Genre: Krieg, Drama, Action

Spieldauer: ~ 164 Minuten

Regie: Terrence Malick

Cast: George Clooney, Woody Harrelson, John Travolta, Sean Penn, John Cusack, Jared Leto, Adrien Brody, John C. Reilly, Elias Koteas, Nick Nolte, Nick Stahl, Thomas Jane, Tim Blake Nelson, Ben Chaplin, Miranda Otto, Jim Caviezel, John Savage, Dash Mihok, Will Wallace

Kurzbeschreibung: Als die US-Schützenkompanie ´C-FOR-CHARLY´ 1942 widerstandslos auf der von Japanern besetzten Südsee-Insel Guadalcanal landet, ahnt niemand, welche Kriegshölle in diesem Paradies auf sie wartet.
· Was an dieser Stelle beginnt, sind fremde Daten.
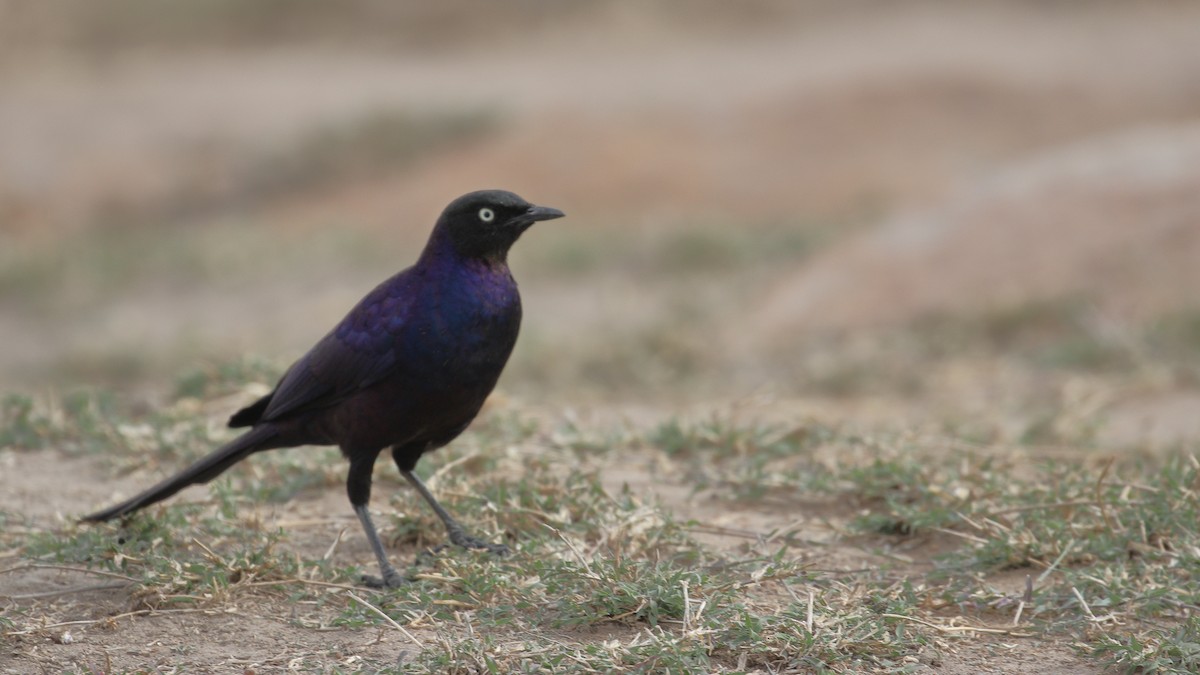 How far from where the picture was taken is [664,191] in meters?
15.2

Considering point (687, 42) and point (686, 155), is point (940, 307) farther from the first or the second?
point (687, 42)

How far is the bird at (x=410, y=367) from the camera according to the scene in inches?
143

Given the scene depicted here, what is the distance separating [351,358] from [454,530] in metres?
0.56

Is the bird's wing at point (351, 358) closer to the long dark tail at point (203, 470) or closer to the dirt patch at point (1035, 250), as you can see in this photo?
the long dark tail at point (203, 470)

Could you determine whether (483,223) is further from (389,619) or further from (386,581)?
(389,619)

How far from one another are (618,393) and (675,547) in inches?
137

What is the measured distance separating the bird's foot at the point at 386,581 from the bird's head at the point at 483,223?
0.82 m

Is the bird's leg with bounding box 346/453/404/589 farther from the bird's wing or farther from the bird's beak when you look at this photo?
the bird's beak

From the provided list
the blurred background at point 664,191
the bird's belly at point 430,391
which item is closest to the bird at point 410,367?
the bird's belly at point 430,391

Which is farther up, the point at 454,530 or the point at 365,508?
the point at 365,508

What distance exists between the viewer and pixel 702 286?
1042 cm

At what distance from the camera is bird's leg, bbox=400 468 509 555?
12.7 feet

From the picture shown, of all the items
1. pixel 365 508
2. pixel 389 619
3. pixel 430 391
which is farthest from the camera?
pixel 365 508

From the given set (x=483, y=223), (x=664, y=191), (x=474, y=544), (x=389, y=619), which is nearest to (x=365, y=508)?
(x=474, y=544) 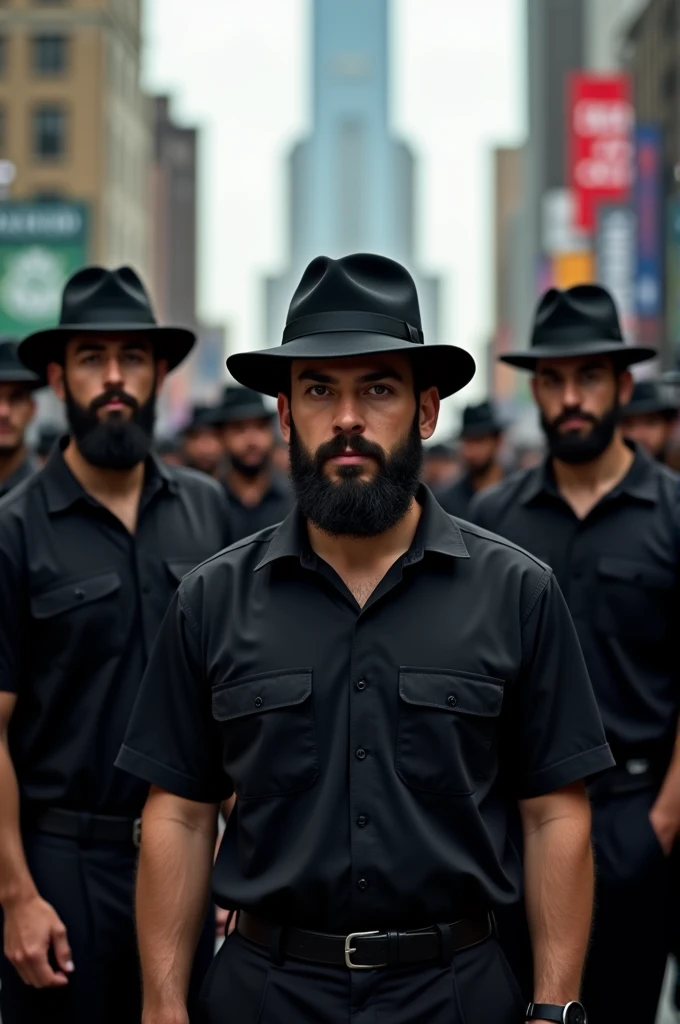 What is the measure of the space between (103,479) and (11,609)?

Unter dem Kommando des skrupellosen Colonel Tall bekommen die Männer schnell zu spüren, daß das Leben des Einzelnen wertlos ist und nur der Sieg zählt. Blutige Gefechte und gefährliche Patrouillen durch den unwegsamen Regenwald fordern gnadenlos ihre Opfer. Die Grausamkeiten sind unbeschreiblich, so daß jeder seine Ängste vor dem Feind anders bewältigt. Ein schmaler Grat zwischen Patriotismus und Kriegswahnsinn ...


Filmkommentare (3)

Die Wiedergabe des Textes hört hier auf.